Wilson menerima dukungan luas pada masa itu bahkan menjadi pemikiran tunggal yg mendominasi periode awal perkembangan ilmu administrasi. Munculnya kitab text pertama pada ilmu administrasi publik, Introduction to the study of public administration karya Leonard D. White, kembali memberi fokus akan pentingnya fungsi manajerial dalam administrasi publik. Leonard D. White mendefinisikan public administration Definisi tersebut secara terperinci benderang menerangkan bahwa aktivitas administrasi publik merupakan kegiatan manajemen, yakni execution, bukan kegiatan politik sekalipun D.white mengakui bahkan mensyaratkan bahwa untuk melakonkan kiprah tadi administrasi publik wajib berinteraksi menggunakan aktivitas berdasarkan political branch (satu hal yg pada hal tertentu jua diakui oleh Wilson).

Ketika kerangka berpikir administrasi terus berkembang, sepertinya perdebatan akademik seputar relasi politik dan administrasi tak kunjung surut. Setelah mengalami arus pulang pada kerangka berpikir ke-tiga Nicholas Henry (administrasi publik menjadi ilmu politik), administrasi publik cenderung menjadi ilmu dan praktik yg bebas nilai dan menjauh dari hingar bingar politik buat kemudian lebih fokus pada problem-duduk perkara organisasi.
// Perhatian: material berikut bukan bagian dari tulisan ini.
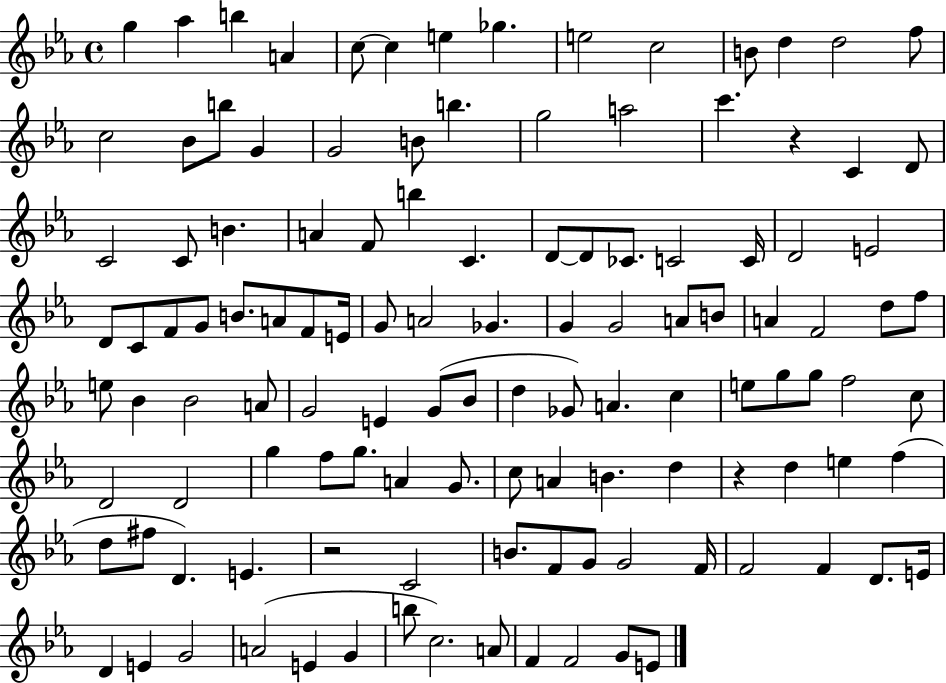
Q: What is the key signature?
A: EES major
Gerakan yang relatif revolusioner dengan label New Public Administration Movement dalam akhir dekade 1960-an pulang melakukan somasi terhadap netralitas administrasi publik yang sepertinya nir menaruh kontribusi terhadap aneka macam perseteruan kenegaraan serta kemasyarakatan yg timbul pasca perang global. Administrasi publik kembali dipaksa masuk pada ranah politik pada mana dia wajib memiliki set of value, ethic serta kekuatan moral. Pemilihan nilai, alokasi nilai serta keberpihakan dalam moral tertentu adalah proses yang cenderung lebih dekat dengan aktivitas politik. Semua atribut tersebut wajib teraktualisasi dalam produk kebijakan yg terdapat. Untuk menggaransinya, maka administrasi publik jua dituntut berperan tidak saja pada policy implementation melainkan pula dalam proses policy formulation. Administrasi publik pun semakin kental menggunakan proses dan kegiatan politik. Pertanyaan-pertanyaan moral serta social equity selalu mengikuti tindakan administrasi buat memberi koridor sah bagi kegiatan politik administrasi publik.
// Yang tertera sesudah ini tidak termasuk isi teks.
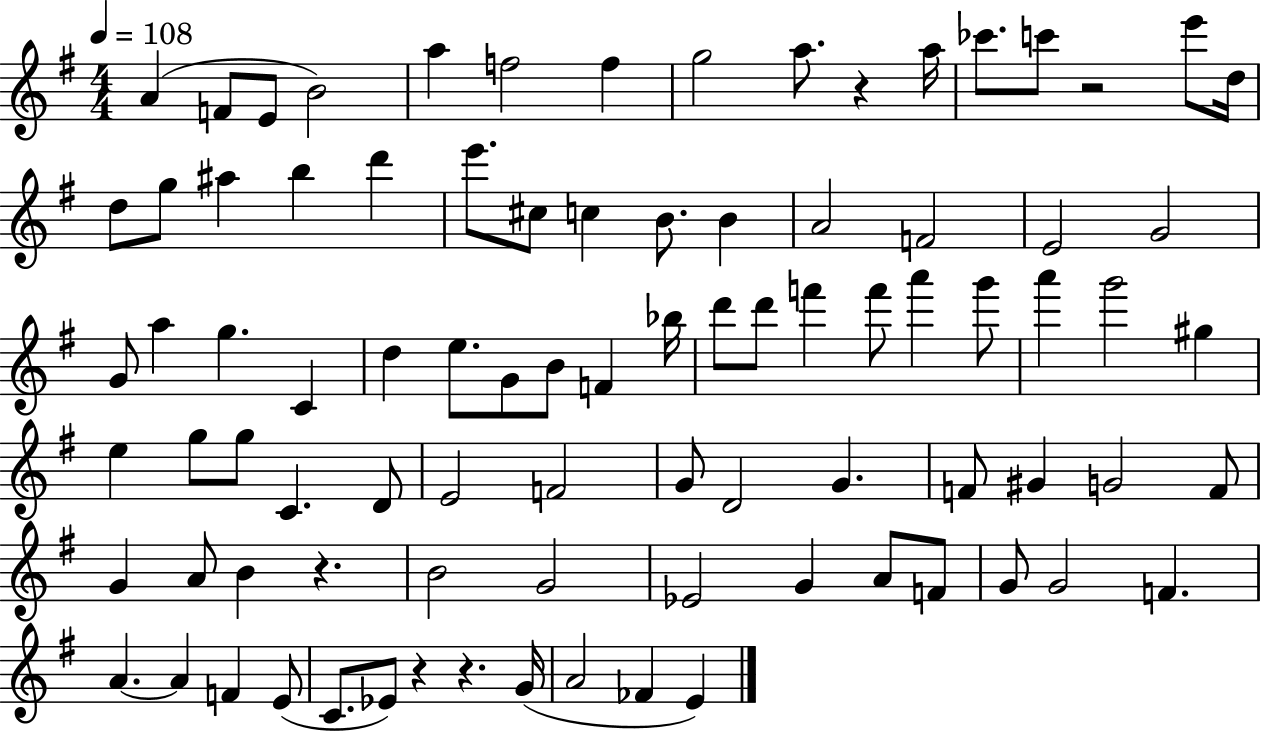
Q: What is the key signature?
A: G major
Sebagai periode transisi pergeseran antara classic public and contemporer public administration, gerakan new public administration sepertinya pula tidak sepenuhnya memuaskan poly pihak. Lambannya serta inefisiensi tindakan administrasi lantaran penguasaan kiprah serta luasnya lapangan yang wajib dicakup menjadi akibat konsep welfare state, mendorong para pakar serta praktisi mereposisi kiprah administrasi menggunakan pendekatan-pendekatan yang based on managerialism dalam dekade 1980-1990an. Arus balik dan gelombang pemikiran yang menekankan dalam pendekatan-pendekatan manajerial, kembali menghinggapi administrasi publik. Gaya serta perilaku politik yg dilakonkan ”top public administrator” dicermati hanya mereduksi serta memandulkan kapasitas pencapaian efektivitas dan efisiensi administrasi publik.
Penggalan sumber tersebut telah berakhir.